Çin’in Sincan Uygur Özerk Bölgesi’nde yaşayan milyonlarca Uygur Türkü ve diğer Müslüman azınlıklar yıllardır sistematik baskılara maruz kalıyor. Uluslararası insan hakları kuruluşlarının raporlarına göre, Çin yönetimi bölgedeki insanları “yeniden eğitim kamplarına” alarak kimliklerinden ve inançlarından uzaklaştırmayı amaçlıyor.
Toplama Kampları Gündemde
Sözde “mesleki eğitim” adı verilen kamplarda yüz binlerce Uygur’un özgürlüklerinden mahrum bırakıldığı ve bu kişilere zorla Çin kültürü aşılandığı bildiriliyor. Kamplarda kötü muamele, psikolojik baskı, zorla din değiştirme ve fiziksel işkence iddiaları dünya gündeminden düşmüyor.
İslam Dini Hedefte
Bölgedeki camiler birer birer kapatılıyor veya yıkılıyor. Oruç tutmak, başörtüsü takmak, sakal bırakmak gibi temel dini uygulamalar bile "radikalizm" olarak tanımlanarak cezalandırılıyor. Kur’an-ı Kerim bulundurmak, çocuklara dini eğitim vermek gibi eylemler suç sayılıyor.
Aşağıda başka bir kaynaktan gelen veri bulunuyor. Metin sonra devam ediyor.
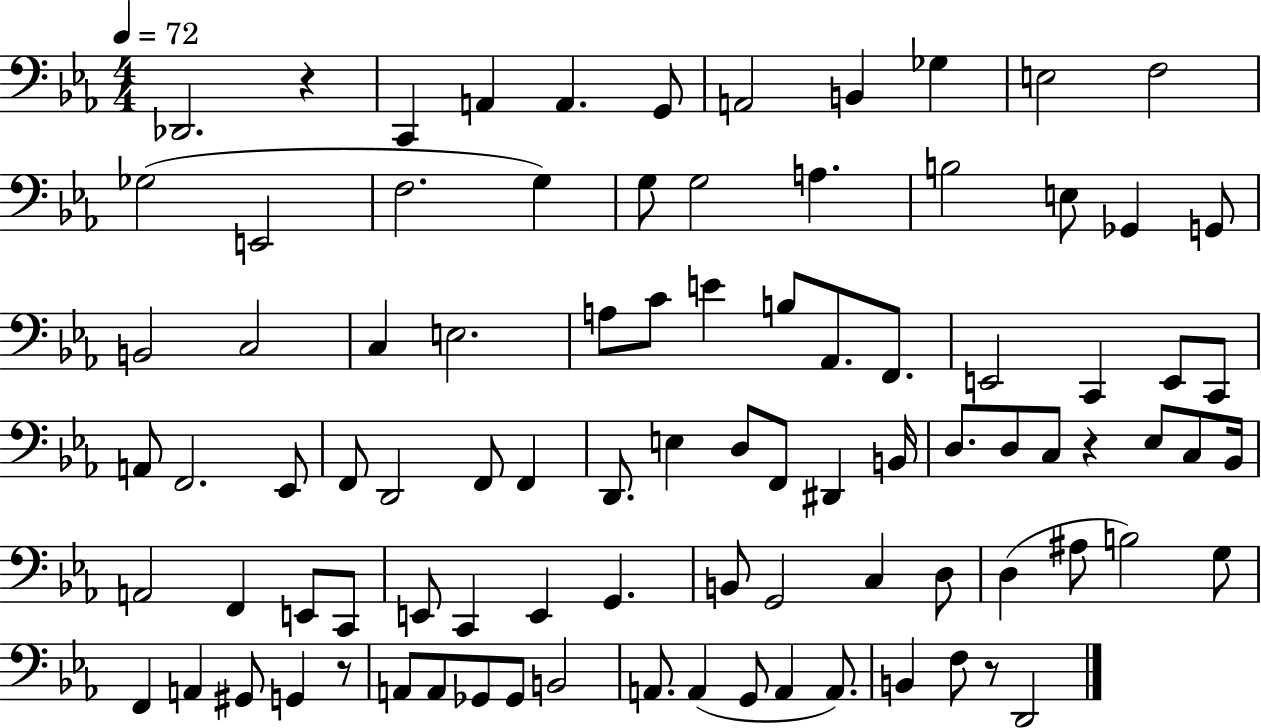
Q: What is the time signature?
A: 4/4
Zorla Çalıştırma ve Ekonomik Baskı
Bölgedeki birçok fabrika ve tarım işletmesinde Uygurların düşük ücretlerle ya da ücretsiz olarak zorla çalıştırıldığı belirtiliyor. Pek çok uluslararası marka, tedarik zincirlerinde bu zorla çalıştırma iddialarının bulunduğu ürünleri kullanmakla suçlandı.
Aileler Parçalanıyor
Kamplara alınan anne babaların çocukları, devletin kontrolündeki yurtlara yerleştiriliyor. Bu yurtlarda Çin Komünist Partisi’ne bağlılık ve ateist eğitim veriliyor. Çocukların kendi aileleriyle görüşmesine çoğu zaman izin verilmiyor.
Çin Reddediyor, Dünya İzliyor
Çin yönetimi tüm bu suçlamaları reddediyor ve bölgedeki uygulamaların “terörle mücadele” kapsamında yapıldığını savunuyor. Ancak bölgeye bağımsız gazeteci ve gözlemcilerin girişi yasak. Yaşananlara dair bilgiler ise kamplardan kaçan tanıkların ifadeleri ve uydu görüntüleri sayesinde ortaya çıkıyor.